Staying Alive: Uncensored Survival Analysis with Tabular Foundation Models
By Mariana Vargas Vieyra, Rhizome Labs

Introduction
Tabular Foundation Models (TFMs) have emerged as a significant research direction, extending the foundation model paradigm beyond large language models. TFMs deliver impressive benchmark results when applied directly — but not all predictive tasks can be addressed with off-the-shelf TFMs. One such domain is Survival Analysis. This research is the work of Mariana Vargas Vieyra and the team at Rhizome Labs.
Survival Analysis (SA) is a statistical framework for modelling the time until an event of interest occurs. Real-world applications include clinical trials tracking patient outcomes or predicting user churn in streaming services. Practitioners typically establish a defined time window for analysis, which creates a key challenge: event times remain unobserved for subjects whose events did not occur within that window — a phenomenon called right censoring.
Right censoring presents a substantial modelling challenge. Classical imputation mechanisms don't apply directly. Traditional SA frameworks like Cox models and Accelerated Failure Time (AFT) models accommodate censoring in their parameter fitting formulations — but TFMs have frozen parameters. The authors address a critical question: "How can we reformulate SA with censored data as a purely predictive task, without having to train a survival model from scratch?"
Their answer: use TFMs to construct AFT models requiring only a single scalar parameter to be fitted. They show that ignoring censored data through Complete Case Analysis biases models toward underestimating survival times, and introduce an iterative in-context imputation method that progressively refines performance.
Survival Analysis Background
Time-to-event datasets contain feature vectors, observed times, event times, censoring times, and event indicators for each subject. When the event indicator equals zero, the subject is censored. The survival function represents the probability that an observation with specific features survives past a given time — in clinical contexts, this reveals a patient's chances of surviving a specified duration following treatment.
The authors selected Accelerated Failure Time models, which linearly regress logarithmic event times. Under right censoring, the log-likelihood becomes a function of scalar parameters, enabling efficient fitting through standard optimisation.
A key component of their method is the Buckley-James (BJ) estimator — a technique that replaces censored outcomes with expected values given true event times exceed censoring times, estimated non-parametrically from model residuals via Kaplan-Meier techniques. The procedure refits regression on the resulting dataset, recomputes imputations, and repeats until stabilisation. The authors replace the ordinary least squares regression component of BJ with in-context TFM predictions, preserving the imputation loop.

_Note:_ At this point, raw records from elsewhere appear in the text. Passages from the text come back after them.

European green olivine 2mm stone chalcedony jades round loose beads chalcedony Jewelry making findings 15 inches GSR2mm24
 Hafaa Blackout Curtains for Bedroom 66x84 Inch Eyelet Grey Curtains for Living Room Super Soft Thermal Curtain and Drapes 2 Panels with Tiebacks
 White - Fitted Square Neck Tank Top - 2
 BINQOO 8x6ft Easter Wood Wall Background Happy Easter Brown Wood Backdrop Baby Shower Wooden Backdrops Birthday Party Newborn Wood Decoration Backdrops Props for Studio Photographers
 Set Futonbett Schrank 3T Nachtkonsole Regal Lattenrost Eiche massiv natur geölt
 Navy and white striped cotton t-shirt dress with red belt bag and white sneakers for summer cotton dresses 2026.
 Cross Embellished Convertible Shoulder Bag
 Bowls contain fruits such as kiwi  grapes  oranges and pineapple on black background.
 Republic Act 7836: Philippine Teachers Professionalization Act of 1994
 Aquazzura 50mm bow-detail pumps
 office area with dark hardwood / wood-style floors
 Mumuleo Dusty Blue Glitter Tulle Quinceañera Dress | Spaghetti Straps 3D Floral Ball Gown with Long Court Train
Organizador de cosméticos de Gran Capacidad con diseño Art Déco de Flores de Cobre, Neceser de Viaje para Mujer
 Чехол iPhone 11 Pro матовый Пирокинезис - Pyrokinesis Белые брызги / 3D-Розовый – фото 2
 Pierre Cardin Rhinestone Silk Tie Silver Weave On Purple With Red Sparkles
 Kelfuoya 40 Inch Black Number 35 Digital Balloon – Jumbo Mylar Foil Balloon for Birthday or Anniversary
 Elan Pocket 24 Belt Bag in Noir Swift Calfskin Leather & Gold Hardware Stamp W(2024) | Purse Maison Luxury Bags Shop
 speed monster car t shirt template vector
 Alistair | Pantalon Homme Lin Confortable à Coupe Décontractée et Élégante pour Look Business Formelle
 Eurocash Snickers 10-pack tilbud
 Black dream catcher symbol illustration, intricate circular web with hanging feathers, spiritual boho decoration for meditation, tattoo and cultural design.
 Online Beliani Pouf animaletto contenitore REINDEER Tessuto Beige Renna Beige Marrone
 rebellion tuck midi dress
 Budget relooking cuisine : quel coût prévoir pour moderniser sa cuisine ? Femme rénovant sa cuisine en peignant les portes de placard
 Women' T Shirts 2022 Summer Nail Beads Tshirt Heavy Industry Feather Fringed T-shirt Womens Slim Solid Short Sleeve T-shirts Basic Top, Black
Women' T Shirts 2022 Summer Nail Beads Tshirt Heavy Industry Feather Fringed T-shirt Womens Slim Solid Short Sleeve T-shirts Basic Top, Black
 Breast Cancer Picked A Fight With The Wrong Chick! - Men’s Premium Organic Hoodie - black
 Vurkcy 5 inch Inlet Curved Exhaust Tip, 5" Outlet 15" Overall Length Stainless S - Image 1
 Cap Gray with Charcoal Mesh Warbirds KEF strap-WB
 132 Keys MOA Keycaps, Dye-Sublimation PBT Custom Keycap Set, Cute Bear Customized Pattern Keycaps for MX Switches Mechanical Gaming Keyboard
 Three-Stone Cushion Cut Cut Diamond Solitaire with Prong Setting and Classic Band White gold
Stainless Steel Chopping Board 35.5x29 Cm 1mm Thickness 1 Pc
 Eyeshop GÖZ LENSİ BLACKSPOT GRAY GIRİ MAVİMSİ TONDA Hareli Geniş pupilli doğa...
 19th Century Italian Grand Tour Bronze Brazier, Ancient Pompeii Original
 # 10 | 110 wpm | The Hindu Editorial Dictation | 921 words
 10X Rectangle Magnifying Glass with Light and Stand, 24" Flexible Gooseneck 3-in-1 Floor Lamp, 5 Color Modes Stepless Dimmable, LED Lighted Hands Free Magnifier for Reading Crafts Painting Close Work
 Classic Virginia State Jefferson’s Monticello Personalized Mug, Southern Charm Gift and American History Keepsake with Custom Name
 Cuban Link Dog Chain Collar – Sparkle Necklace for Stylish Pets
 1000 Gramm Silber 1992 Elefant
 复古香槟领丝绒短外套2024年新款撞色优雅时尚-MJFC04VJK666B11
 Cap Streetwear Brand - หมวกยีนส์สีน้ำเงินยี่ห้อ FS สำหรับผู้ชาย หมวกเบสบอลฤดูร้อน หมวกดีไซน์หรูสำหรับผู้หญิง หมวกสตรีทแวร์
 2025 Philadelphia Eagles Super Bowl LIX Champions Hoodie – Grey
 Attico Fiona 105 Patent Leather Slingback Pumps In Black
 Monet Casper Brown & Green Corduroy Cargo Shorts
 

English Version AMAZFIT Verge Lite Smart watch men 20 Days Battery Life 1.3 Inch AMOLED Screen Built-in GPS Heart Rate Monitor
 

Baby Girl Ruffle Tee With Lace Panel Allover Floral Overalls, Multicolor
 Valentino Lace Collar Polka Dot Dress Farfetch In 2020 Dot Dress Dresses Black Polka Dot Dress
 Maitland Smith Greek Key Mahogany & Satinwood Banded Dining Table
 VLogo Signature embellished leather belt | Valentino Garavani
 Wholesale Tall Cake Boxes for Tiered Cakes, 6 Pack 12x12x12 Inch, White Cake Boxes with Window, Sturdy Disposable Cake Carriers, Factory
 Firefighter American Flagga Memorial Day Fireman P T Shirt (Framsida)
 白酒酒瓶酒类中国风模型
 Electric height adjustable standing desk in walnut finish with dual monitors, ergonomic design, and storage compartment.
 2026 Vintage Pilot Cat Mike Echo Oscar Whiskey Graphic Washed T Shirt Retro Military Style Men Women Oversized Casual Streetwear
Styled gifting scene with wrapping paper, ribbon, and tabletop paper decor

Survival Analysis with TFMs
The method leverages TFMs by first estimating log-times, then estimating scale parameters by maximising log-likelihood across the full training set — involving only a single scalar parameter. Once obtained, survival curves emerge from applying the survival function formula across a predefined time grid.
Naively disregarding censored observations introduces bias toward underestimating survival times. The authors address this through a Buckley-James-inspired in-context estimator. Since TFM weights are frozen, survival regression must be framed as a purely in-context prediction task.
TFMs act as non-parametric in-context estimators that iteratively impute survival times as pseudo-targets. These initialise through data-driven warm starts using Kaplan-Meier jackknife estimators. At each iteration, contexts form by subsampling censored and uncensored subjects, ensuring predictions occur out-of-sample and preventing degenerate self-prediction. The scale parameter is then fitted via maximum likelihood across the full training set. This repeats until targets stabilise or maximum iterations are reached.
Experiments and Results
The authors benchmarked their method against classical survival models on five publicly available datasets — spanning cardiovascular disease, breast cancer, critical care, and serum biomarker studies — using TabPFN and TabICL as backbones. Censoring rates range from 31.9% to 72.5%.
Baselines include Cox proportional hazards, Weibull AFT, Log-Normal AFT, and Random Survival Forest. The authors' method appears in three variants: TabSA-CCA (complete case analysis), TabSA-PO (Kaplan-Meier jackknife pseudo-observations), and TabSA-BJ (the full iterative Buckley-James-inspired approach).
TabSA-BJ improved over simpler variants on Harrell's C-index, with the largest gains on high-censoring datasets. Classical methods remain strong on calibration metrics, though the authors' method frequently matches or exceeds them on discrimination — without any dataset-specific training.
Scale parameters converge to stable values across iterations. On several datasets, parameters approach one, indicating TFMs capture meaningful log-time variance under AFT models without survival-specific training. Performance tends to increase with iterations, demonstrating that practitioners can benefit from iteratively refining the context fed to the TFM.
Conclusion
The authors introduced a TFM-based mechanism requiring no dataset-specific training beyond fitting a single scalar parameter — enabling zero-shot survival regression. They demonstrated how TFMs can iteratively impute censored data, providing survival algorithms with a complete dataset to work from.
The full workshop paper is available on arXiv, with code available on GitHub.